SECRETARY’S  REPORT AND COMMENTS                 Jo Nelhams

 

The Society’s 50th Annual General Meeting was held on Tuesday 14th June 2011 at 8pm in Avenue House.  The Chairman, Don Cooper, introduced the President, Harvey Sheldon, who chaired the meeting.  There were 33 members present and apologies were received from a further 10 members.  The Annual Report and Accounts were presented to the meeting. The Treasurer showed that there was a shortfall between the current subscription and the basic costs of running the Society, though it is financially sound due to the legacy left by Ted Sammes.  Various points were made as to how to close this gap in income and expenditure and members were asked to submit any suggestions to the Committee for further discussion.  The Officers remained unchanged and were duly elected.  Nine members of the Committee offered themselves for re-election and were also duly elected.

 

A reminder of who is who on the elected committee:

Chairman:                                Don Cooper

Vice- Chairman:                      Peter Pickering           

Hon. Treasurer:                       Jim Nelhams

Hon. Secretary:                       Jo Nelhams

Hon. Membership Secretary:  Stephen Brunning

Committee:                             Vicki Baldwin, Bill Bass, Andrew Coulson, Eric Morgan, June

                                                Porges, Mary Rawitzer, Andrew Selkirk, Tim Wilkins, Sue Willetts.

 

The Chairman explained the circumstances that led to the withdrawal of HADAS from the proposal to be involved with the running of Church Farmhouse Museum. The museum is now closed and its future is unknown. He said HADAS would continue to monitor the situation and endeavour to keep it in the public eye.  Harvey Sheldon said that the manner of its closure, and the lack of a local museum in Barnet, equivalent in population to a small town, should and would be taken up by LAMAS (London & Middlesex Archaeological Society) in which he and Don were both involved.  

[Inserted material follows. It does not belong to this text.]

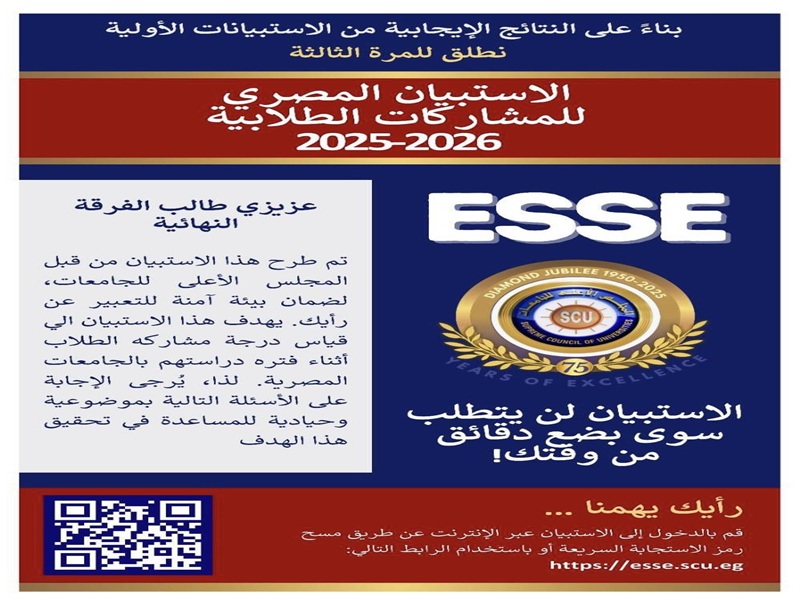 A Call to final-year students at Ain Shams University to participate in the Egyptian Student Engagement Survey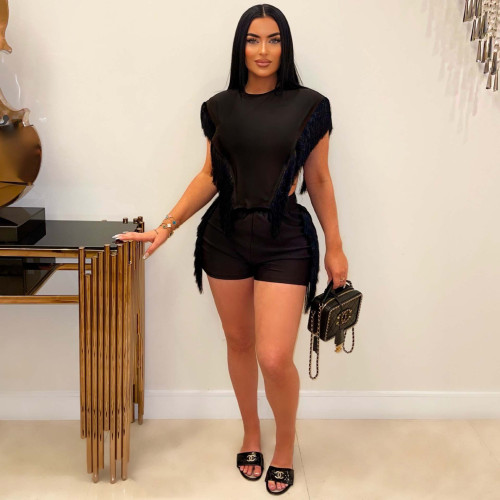 Women Short Sleeve Top and Tassel Pants Two-piece Set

The meeting was followed by a recording of the first lecture given by the founder of HADAS,

Themistocles Constantinides, which was very entertaining and informative and was well received by all who heard it.  (For those who missed it, there will be a further chance to hear it at the celebratory party on August 7th).

  

 Some HADAS Members listening intently to the founder's lecture at the AGM   Photo: Stephen Brunning

HADAS LECTURE 10 MAY 2011                             Report by Sylvia Javes

The Influence of Effluent

The history of the rescue and restoration of a beam engine used to pump sewage in Tottenham was the subject of a very interesting talk given by Ken Brereton on 10th May. 

 

In the early 19th century, Tottenham was still a small rural village, but by the mid-1840s rapid expansion was causing serious public health problems due to sewage being discharged into local rivers, the Moselle and the Lea.  In 1850 the newly formed Local Board of Health set up a public water supply and sewage disposal works.  This was at Markfield Road, Page Green. The initial works consisted of a 45hp steam engine to lift the incoming sewage and discharge it into two deposit tanks. The effluent would then flow to the sand filters alongside. On leaving the last filter bed the clear liquor would pass down the effluent race to the River Lea. The site included two workmen’s cottages. 

 

This worked well until 1858 when further population growth left sewage overflowing into the Lea. By 1866 the situation was so bad that Tottenham was accused of causing the deaths of 4,000 people in a cholera epidemic. Some minor improvements, including a new sewer at Hornsey, alleviated some problems, but as the population increased still more in the 1870s things became worse again. Meanwhile in London Bazalgette had built his great system of sewers that took sewage away from the city and discharged it further down the Thames.

 

In 1885 the Lea was badly polluted, and it was decided that a larger pump and larger settlement tanks must be built.  Wood Bros of Sowerby Bridge, Yorkshire, received the contract to make and build the engine. By January 1886 the engine house was completed and all parts of the engine were on site. On the 12th July 1888 the 100hp engine came into use. The total cost of the engine and foundations was £4722. When running at 16rpm the engine pumped up to 4 million gallons of sewage in a 24 hour period. In 1893 the Lea was declared clean.  In 1905, triple expansion Worthington engines were brought in, and the beam engine was relegated to standby duty for storm water pumping.

 

During the Second World War, the site was still in operation. The land contained a pig farm, which remained until the early 1960s, but in 1964 the site was finally closed, when incoming sewers were diverted elsewhere.   The engine house, containing the beam engine, was bricked up.  Apart from a small building used for children’s activities, the site became a dumping ground.   In 2002 Haringey Council began to landscape the site to turn it into a park. From 2006, with help from the Heritage Lottery Fund, the engine house was refurbished and volunteers worked on restoring the beam engine, and in 2010 the engine was again in steam, but now using oil, not coal to fire it. 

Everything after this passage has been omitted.